# Police Arrest Fallen Soldier's Mom Before Bush's Speech



## kwflatbed (Dec 29, 2004)

*WASHINGTON -- *Cindy Sheehan finally got her invitation to see President George W. Bush again, but before she set eyes on him at the State of the Union address, Capitol Police removed her from the gallery overlooking the House chamber.

The offense: her shirt, bearing an anti-war message and other "unlawful conduct," police said.

Sheehan, the mother of a fallen soldier in Iraq who reinvigorated the anti-war movement, was handcuffed and charged with unlawful conduct, according to Capitol Police Sgt. Kimberly Schneider. The charge was a misdemeanor and Sheehan was being released on her own recognizance, Schneider said.

Schneider said Sheehan had worn a T-shirt with an anti-war slogan to Tuesday night's speech and covered it up until she took her seat. Police warned her that such displays were not allowed in the House chamber, but she did not respond, the spokeswoman said.

Rep. Lynn Woolsey, D-Calif., gave Sheehan her only ticket earlier in the day -- Gallery 5, seat 7, row A -- while Sheehan was attending an "alternative state of the union" news conference by CODEPINK, a group pushing for an end to the Iraq war.

"I'm proud that Cindy's my guest tonight," Woolsey said in an interview before the speech. "She has made a difference in the debate to bring our troops home from Iraq."

Sheehan, wrapped in a bright pink scarf against the cold, protested outside the White House with a handful of others before heading to the Capitol for Bush's speech. There were no cameras around, but the small band faced the executive mansion and shouted repeatedly, "You're evicted! Get out of our house!"
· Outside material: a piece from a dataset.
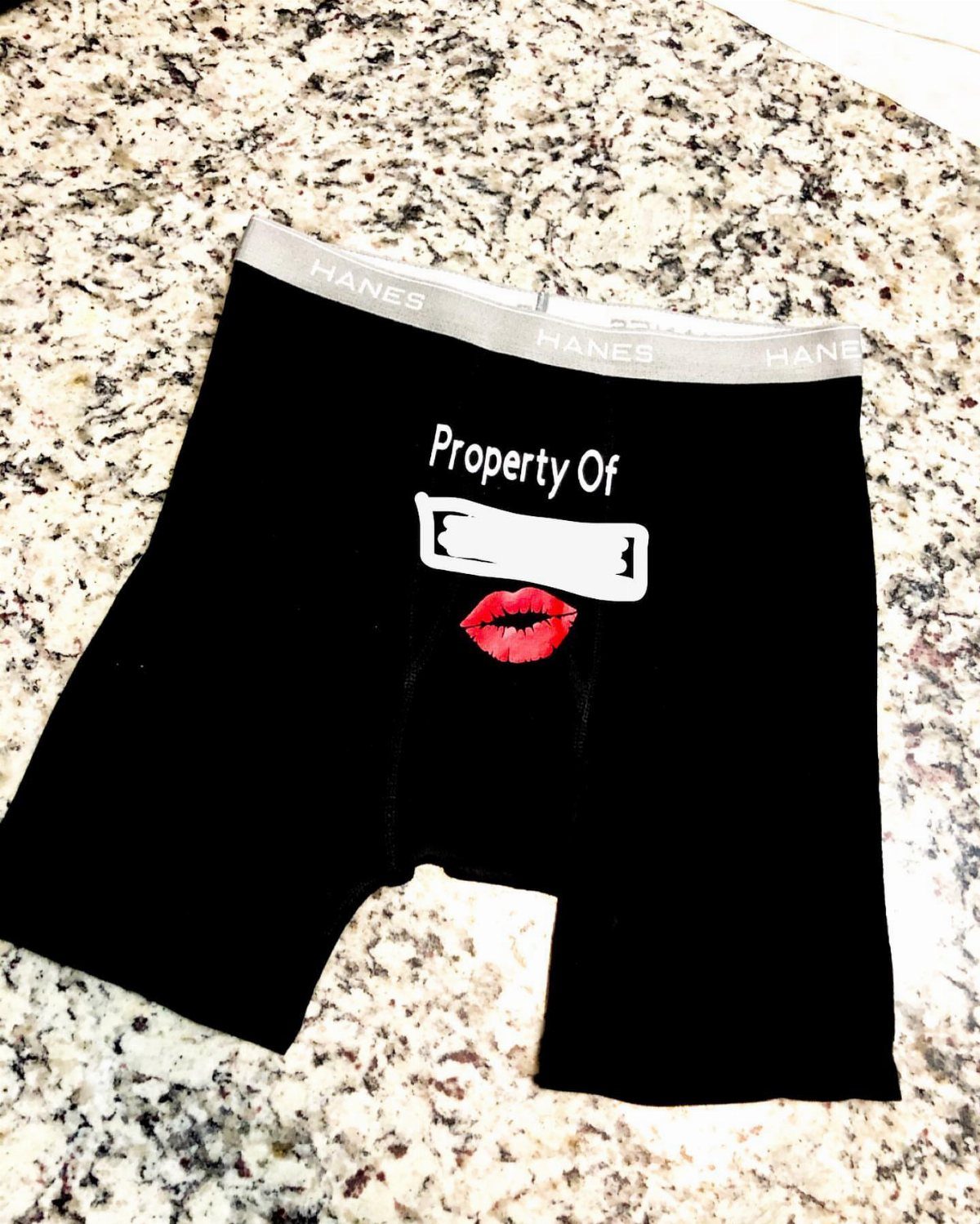 Black boxer briefs with Property Of text and a red kiss mark.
Sheehan was arrested in September with about 300 other anti-war activists in front of the White House after a weekend of protests against the war in Iraq. In August, she spent 26 days camped near Bush's ranch in Crawford, Texas, where he was spending a working vacation.
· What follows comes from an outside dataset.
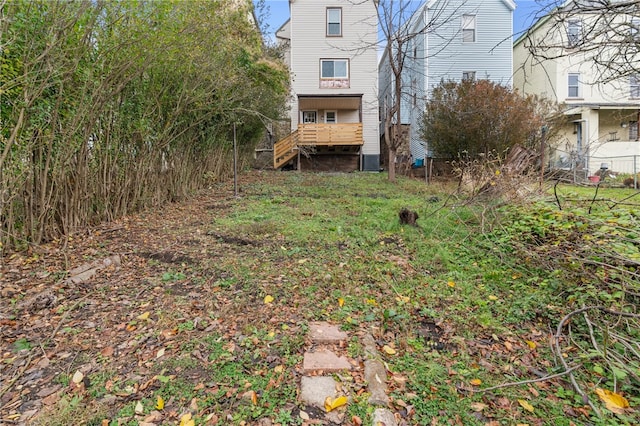 view of yard with a wooden deck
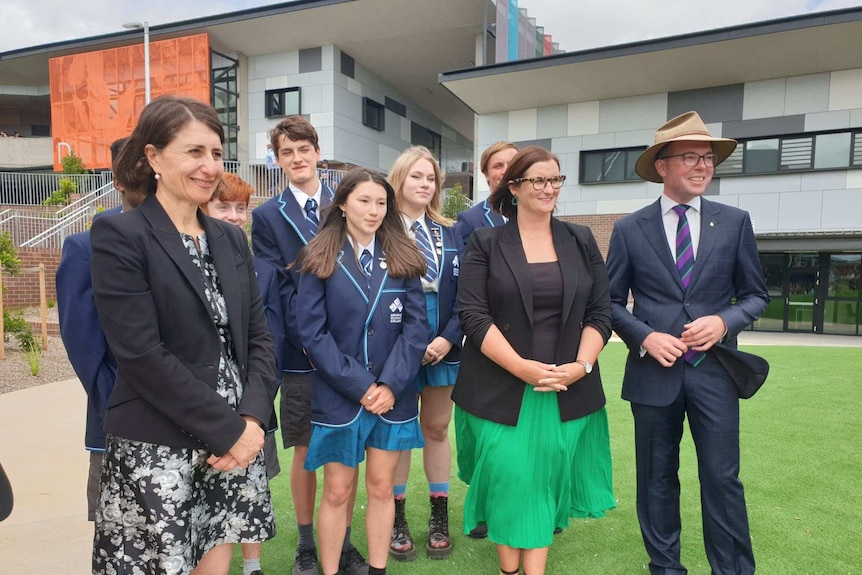 Three politicians smiling with school students at a public school opening.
Meanwhile, the wife of U.S. Rep. C.W. Bill Young said she was ejected during Bush's address for wearing a T-shirt that said, "Support the Troops Defending Our Freedom."

That's according to the Saint Petersburg Times.

Beverly Young said she was sitting in the front row of the House gallery Tuesday night when she was approached by someone who told her she needed to leave.

She said she reluctantly agreed, but argued with several officers in an outside hallway.

In a telephone interview with the newspaper, Young said she told them her shirt wasn't a protest but a message of support.

Capitol Police Sgt. Kimberly Schneider said Young wasn't ejected from the gallery and she left on her own. She couldn't provide additional details.

Young's husband is a Republican from Indian Shores, Fla. He found out about the incident after Bush's speech and called it unacceptable.

*First Lady's Guests*

First lady Laura Bush's guests at her husband's annual address to Congress certainly were diverse. One, in fact, wasn't even human.

Rex, a 5-year-old German shepherd, fit in with the other Iraq war veterans who were guests of Republicans and Democrats.

Rex sniffed out bombs in Iraq. He's been the subject of congressional legislation. He's famous, and Wednesday night he became one of Mrs. Bush's guests at the State of the Union speech.

How Rex landed such a coveted seat -- actually a spot in the aisle labeled "Rex" on the official seating chart -- is quite a tale.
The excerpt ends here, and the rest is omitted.